Roberts does not focus on the issue of gay marriage, but not because he wants to avoid controversy. Even Christians who defend gay marriage have to give an account of why God created humans male and female. We are created with gendered sexuality before we covenant together to become one. For Roberts, that makes sexual difference a more foundational moral topic than marriage.

Many of the earliest Church Fathers did not elaborate on the theological significance of sexual difference because they thought it could or should be transcended “en route to an angelical existence.” Still, they did not treat this difference as a trivial or indifferent manner. Augustine, unsurprisingly, becomes the pivotal figure in this story, because he integrates the created goodness of sexual difference into salvation history. Even celibates, he argues, anticipate an eschaton where sexual difference will persist without complicating or distorting relations between men and women. Marriage and continence are parallel paths to holiness for Augustine, because sexual difference within marriage requires couples to distinguish between love and lust.
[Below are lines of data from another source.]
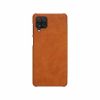 کیف چرم سامسونگ Nillkin Qin Samsung F62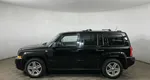 Jeep Liberty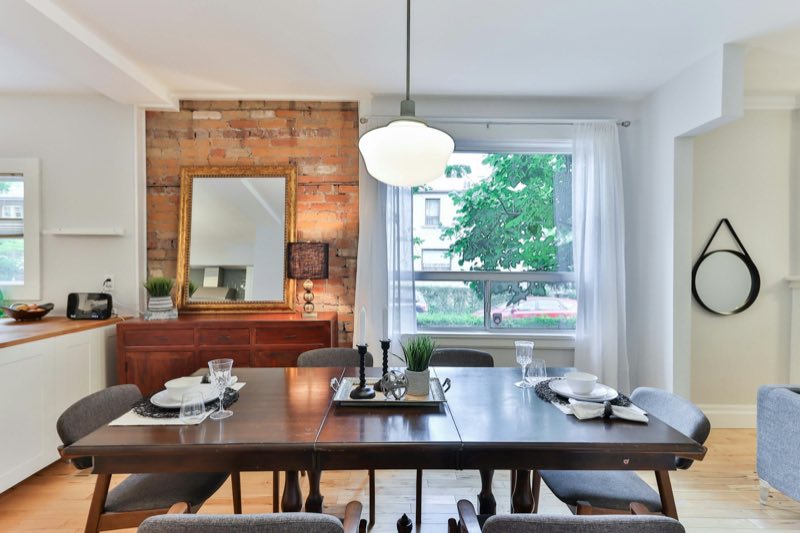 dining room interior designers in chennai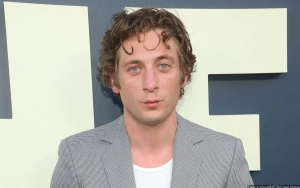 Jeremy Allen White Clarifies Comment on Alexa Demie, Blames Arrogance for Losing Marvel-y Movie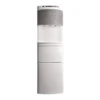 Royal Consumer Aqua Ice, Dispensador de Agua con Fábrica de Hielo Integrada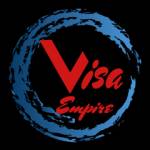 Visa Empire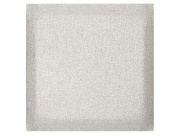 Nástěnný panel Scobax Luna Square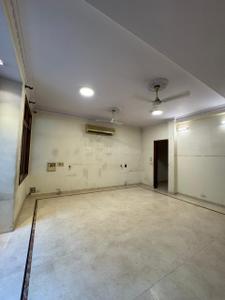 Hall Image of 4500 Sq.ft 7 BHK Independent House for sale in New Friends Colony New Delhi for Rs. 360000000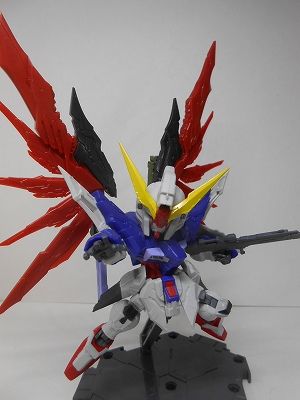 DSCN9109.jpg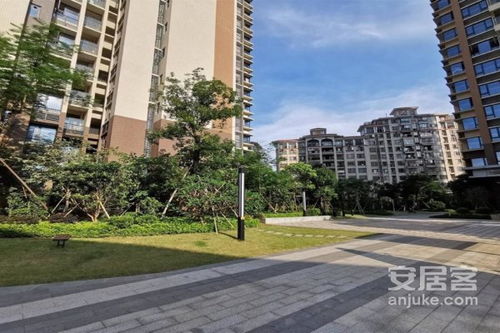 中大汇房产怎么样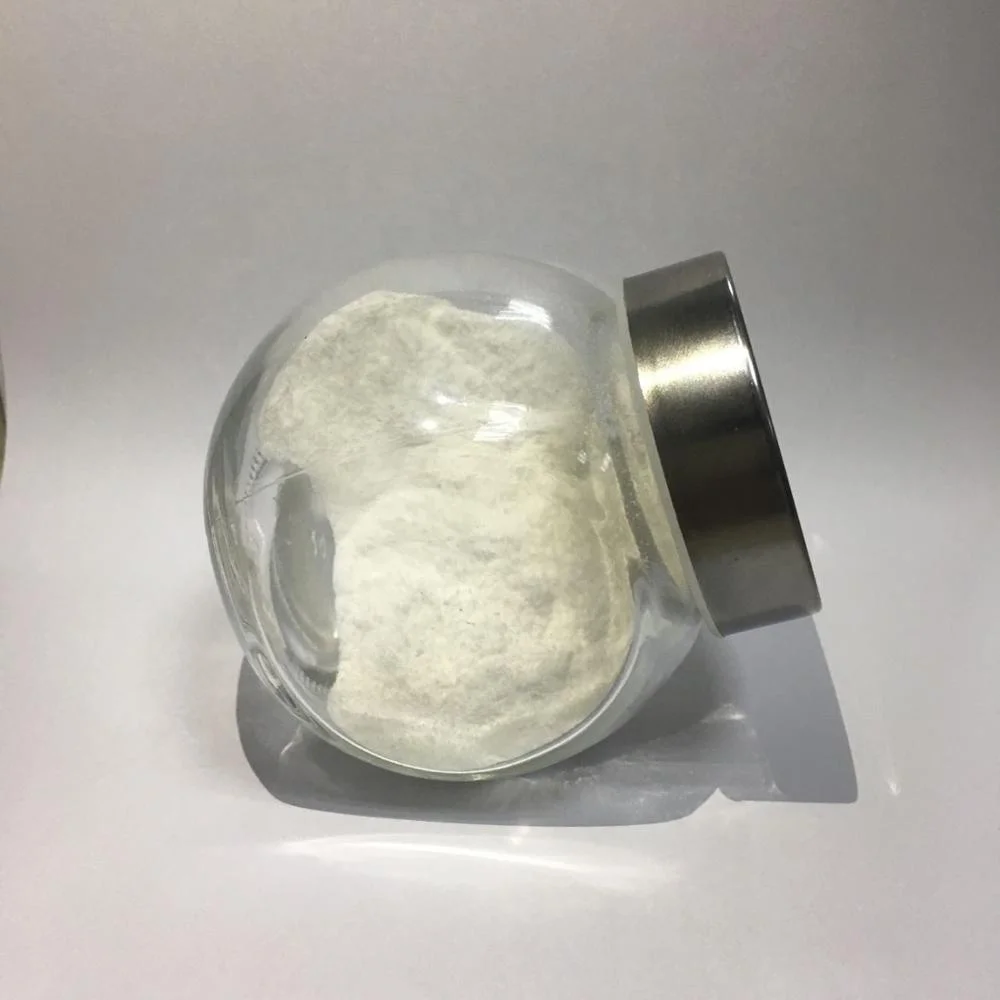 
Synthetic drug OTX-015, high quality Cas 202590-98-5 Birabresib MK-8628 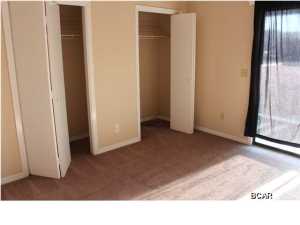 Biltmore Beach - Residential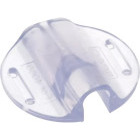 Accesoriu camere supraveghere Axis Suport microfon T8353 5505-041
Roberts demonstrates how Bernard of Clairvaux, building on Augustine’s thought, shows that sexual difference in marriage provides allegorical testimony to God’s love for us. From there, he gives us a (perhaps too brief) treatment of Aquinas, with the emphasis on his connection of procreation to the common good of the species. Then Roberts considers Protestant takes on sexual difference and marriage: Luther thinks that sexual difference is so definitive for humanity that it is practically impossible for a man and woman to live rightly without living as husband and wife, while Calvin also suspects celibates of overestimating their ability to tame their own concupiscence. Nonetheless, marriage, for the reformers, is not just a matter of managing erotic attraction. It is a means of expressing gratitude for creation and thus acknowledging God’s goodness. As a way of obeying and thanking God, marriage is most fundamentally an ecclesiological act.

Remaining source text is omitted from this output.